Inevitably many of the diary entries focus on Adrian’s family: the fictional Adrian is married to Anne, and they have just one son, Gerald. This book is set eight years after the original ‘Sacred Diary’, so Gerald is now in his mid-twenties. Although we learn that he had moved out, he’s now back in the family home for a few months. Gerald still makes puns and satirical jokes, and he’s started re-writing bits of Scripture for modern audiences, taking more than a little artistic licence to make a point. He’s writing a lot and going for walks on his own, and Adrian is getting a bit concerned about him.
Adrian’s church features too. The pastor, Edwin, is still there, and he’s a wonderful creation. Edwin is full of wisdom and intuition. He loves all his congregation, and knows how to deal with each one, without causing anger or offence. He has a sense of humour too, and a strong sense of his own fallibility. I liked Edwin very much.
Edwin organises a support group to pray for Adrian as he does his many talks. It’s a bit of a mixed bunch, mostly Adrian’s friends. Leonard Thynn, a strange person who often misunderstands what’s going on, is nonetheless devoted to the Plass family. Richard and Doreen Cook are overly ‘religious’ and appear to be lacking a sense of humour. And there’s a new, rather fluffy lady who keeps offering the same piece of ‘wisdom’, over and over…
I love these books so much. I find them inspiring, encouraging and thought-provoking. They’re also very funny. I laughed aloud more than once, even at events or discussions that I recalled as they came up. Adrian Plass (the real one, who wrote the books about the fictional Adrian keeping a diary) is a very talented writer. He puts his faults and quirks on display in his other books, and, albeit in caricatured form, in the fictional Adrian’s personality in these books.
I suspect that this book was intended to be a kind of finale to the earlier three books. It has that kind of feeling about it. Several threads are nicely tied up; we learn what Gerald’s future is to hold, and what he has been pondering about so long. We discover, too, what happens to Adrian’s bĂȘte noire in his office, Everett Glander.
As well as that, we get insights into the world of a Christian speaker, both positive and negative - and, I suspect, mostly realistic. We even learn why Leonard Thynn kept borrowing the Plass family cat in the first book...
I’m happy that the author didn’t stop at this, after all. There are two more ‘Sacred Diary’ books written some years later, which I will be rereading over the next few months. But my recollection is that, good though they were, they didn’t live up, quite, to either this one or the original ‘Sacred diary’ trilogy.
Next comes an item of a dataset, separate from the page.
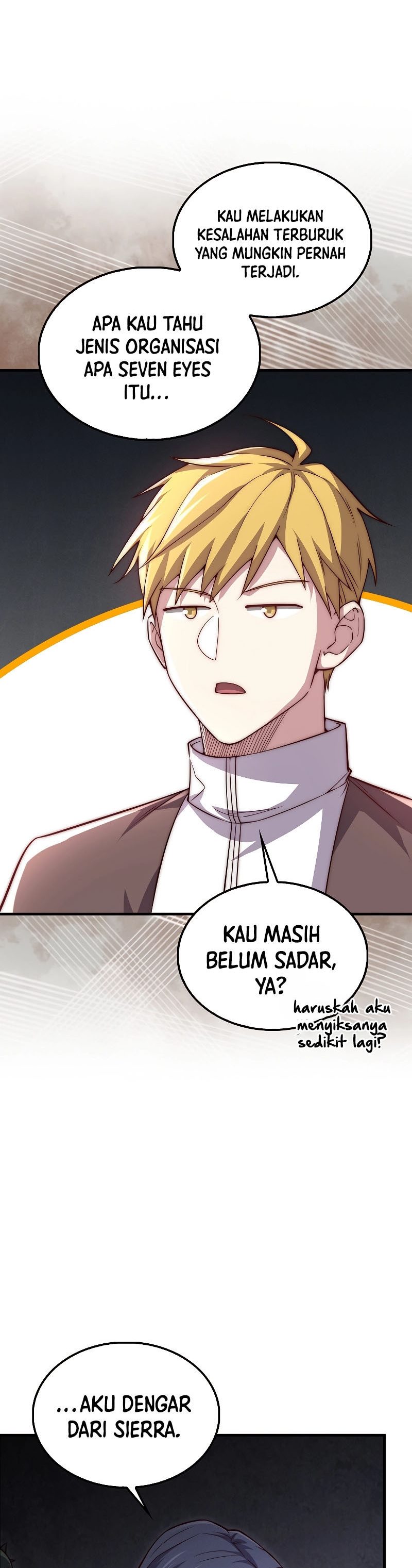 The Lord’s Coins Aren’t Decreasing?! Chapter 120 halaman 13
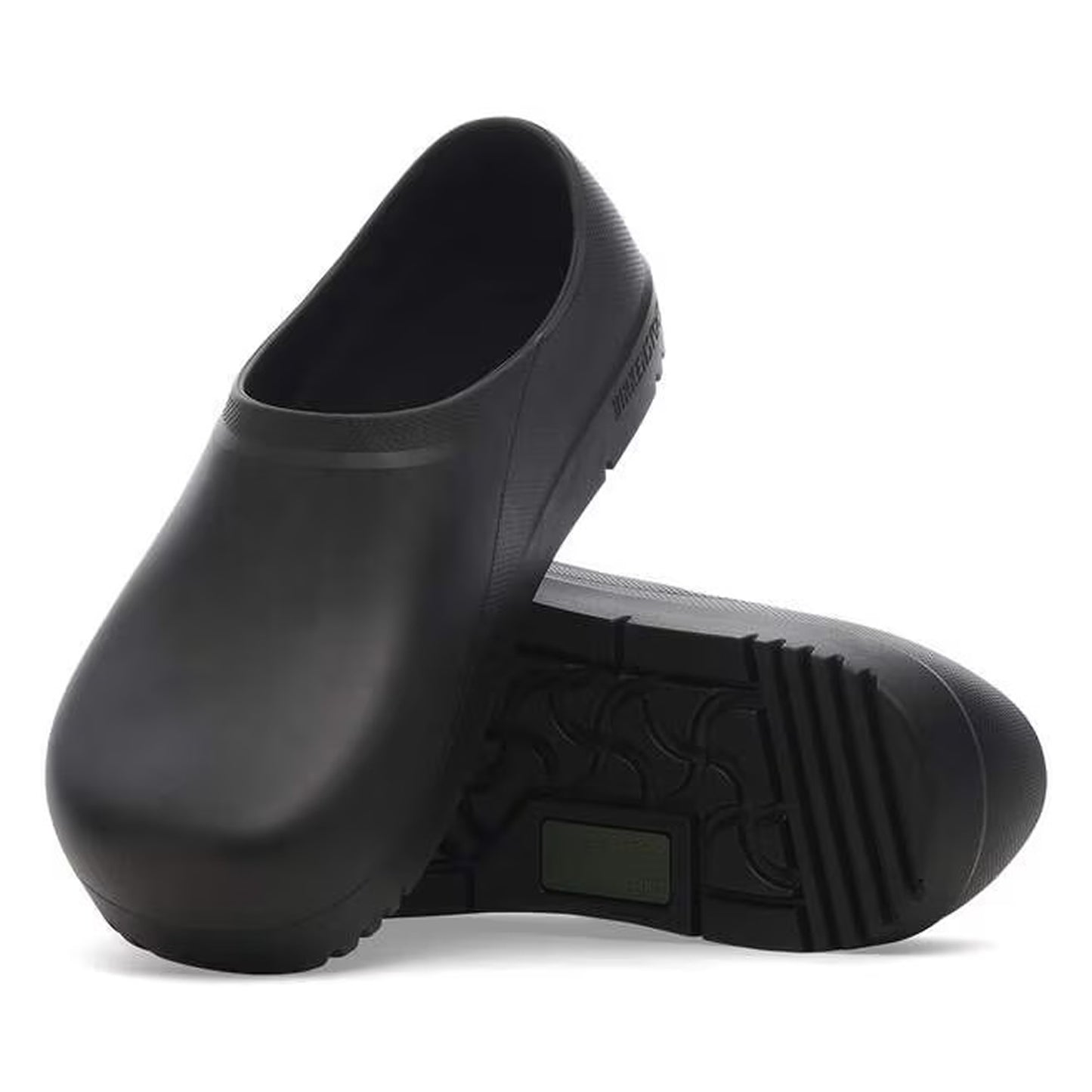 Birkenstock Profi-Birki 2.0 in Black (1025975)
I would definitely recommend this book if you have read the earlier ones. Having said that, if you’re not a Christian and have no experience with the church or Christian meetings, you might find them rather bewildering. If you’re a strict fundamentalist, at the other extreme, you might find them shocking, and think they’re heretical.
But for the ordinary believer-in-the-pew, who loves God and would like to love other people even if they’re rather annoying, I would recommend this very highly. It stands alone but is definitely best read after the first ‘Sacred Diary’ book, and preferably the other two as well.